7 July, 2019

Love knows no borders

Many of the readers of the Newbie blog know that love knows no borders. Several of you moved to Sweden for love, or maybe you are like me – originally moved for my job, but then fell in love with a Swede here.

International relationships, especially if your new partner is a local, can be extremely rewarding, as they give you a completely different way into the Swedish culture. It might be the greatest motivation to learn Swedish, as your spouse friends will switch to Swedish eventually during dinner and the parents might not be as comfortable speaking English. Or it is the biggest help to figure out how to fill in the tax form for the first (or second and third) time.

But, from my own experience, and from other international couples I’ve met over the years, an international relationship is definitely more challenging than a relationship with somebody that comes from the same country/culture than one-self. Here, I will go through the 3 points I think are important in international relationships (but most likely apply to any relationship)

Different expectations/views

Different cultures might have different opinions on the development of a relationship. When is it normal to move in together? When to get married? Should you be married to have kids?

These questions, of course, apply for all relationships but they are even more important to be talked about when you are in an international relationship. In Sweden living together as Sambos is a very natural thing, and most likely nobody will pressure you to get married. However, depending on our background, your own family might be much less understanding.
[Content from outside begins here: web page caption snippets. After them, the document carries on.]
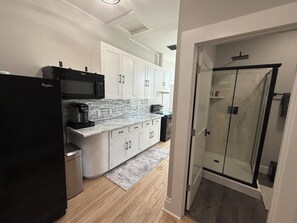 Coffee/tea maker, fridge, microwave, oven - Downtown Studio Apartment with Large Game Room (Custer)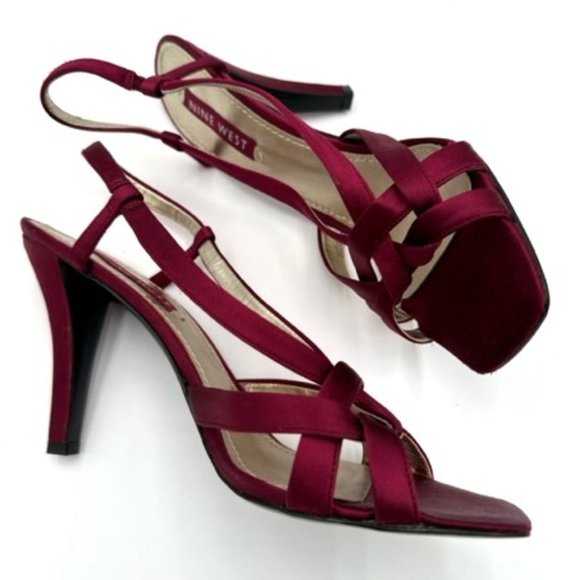 Express Burgandy Heels - Picture 2 of 7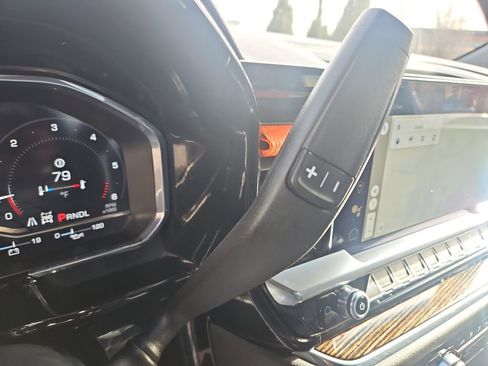 Used 2024 GMC Sierra 2500 SLE image 23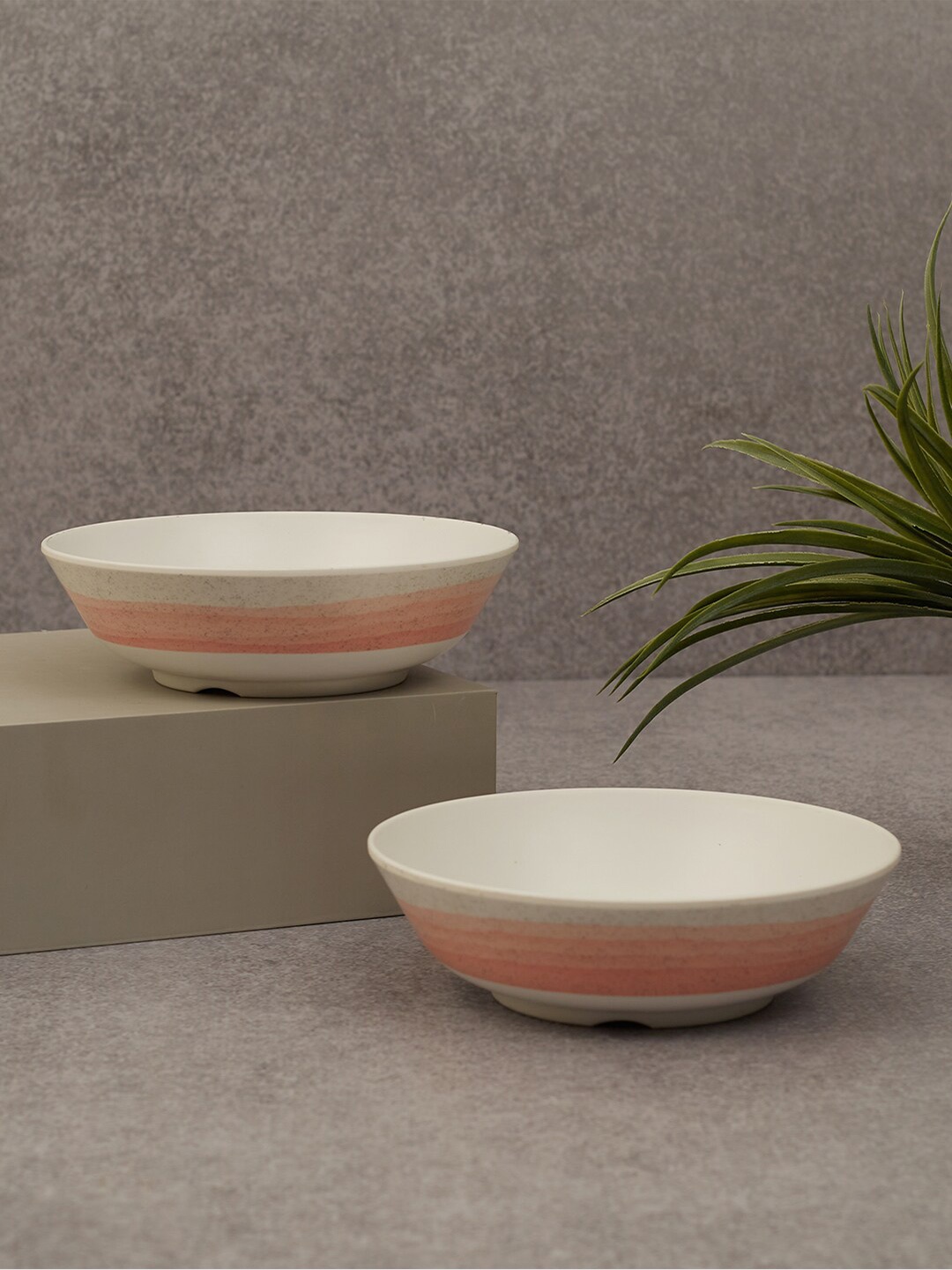 

HomeTown Pink & White 2 Pieces Melamine Glossy Bowls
Also, there is the possibility that one or the other family will not be happy with your choice of a partner from abroad, as this will reduce the possibility that you will move back home again.
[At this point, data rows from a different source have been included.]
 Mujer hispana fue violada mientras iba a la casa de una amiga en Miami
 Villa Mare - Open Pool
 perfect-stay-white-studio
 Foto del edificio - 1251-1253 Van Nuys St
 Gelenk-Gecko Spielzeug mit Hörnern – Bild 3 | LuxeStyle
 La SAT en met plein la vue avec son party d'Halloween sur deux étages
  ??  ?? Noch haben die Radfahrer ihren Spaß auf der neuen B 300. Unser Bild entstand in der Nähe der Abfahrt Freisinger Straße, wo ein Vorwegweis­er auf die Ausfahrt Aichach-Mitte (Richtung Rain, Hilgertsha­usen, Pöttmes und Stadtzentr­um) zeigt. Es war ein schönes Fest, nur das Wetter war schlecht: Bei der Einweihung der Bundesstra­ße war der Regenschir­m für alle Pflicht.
My tip is to have these discussions already very early on in a relationship, to be sure you are on the same page. Only then you will be able to talk to different parts of your family and don’t get into awkward situations. Making sure that you are on the same page is in all regards very important. Having big expectations that are not fulfilled can lead to major disappointments that are threatening a healthy relationship.

Feeling of dependence

As mentioned above, it is very helpful to have a Swedish partner. However, the downside is that at certain times it might also feel like that one partner has more power, and needs to help the other one constantly, while the other one doesn’t contribute as much.

Also, you might live in the apartment that belongs to your partner, putting you into some sort of dependent situation.
My tip to handle this feeling of dependence is two-fold. On the one hand, try to get as independent as possible. Take notes when you ask for help, so that next time you can do it yourself, and don’t need to ask again. Take initiative whenever possible. Even if you don’t speak Swedish, order your food yourself, ask for directions, talk to the personnel at the shop directly and do not hide behind your partner. Fill the apartment with your belongings and give the apartment your personal touch.

On the other hand, have the right mental attitude. It is normal that if your partner is a local, that she or he will be more dominant in certain aspects. This might really depend on your personality, but I saw it often enough that the non-Swedish speaking part of a relationship relies too much on the Swedish one, and doesn’t feel good about it.

Talk to your partner regarding this. In most cases, they are not aware that you might feel bad about this. Talking about this will make them aware of your feelings. Also, keep in mind, if you ever would move again, the situation might be the opposite!


Communication is, of course, the key in every relationship. However, if you do not speak the same language, it is even more important. Unless you are native in a language, you will always have slight issues in communication fine nuances in the right way, which can lead to misunderstandings.

It is likely that your common language is English, and if one of you is native while the other one is not, you will be at a slight disadvantage. Especially in emotional situations, as in a fight, you might not always use the right words, which will sometimes worsen the situation.

My tip here is that both partners are very aware of this! If those situations occur, give the other person the benefits of the doubt. In those emotional cases, make sure to double-check with each other if the message got across the right way. It might be weird at the beginning, but over the long term, it will help to better understand each other and avoid misunderstandings.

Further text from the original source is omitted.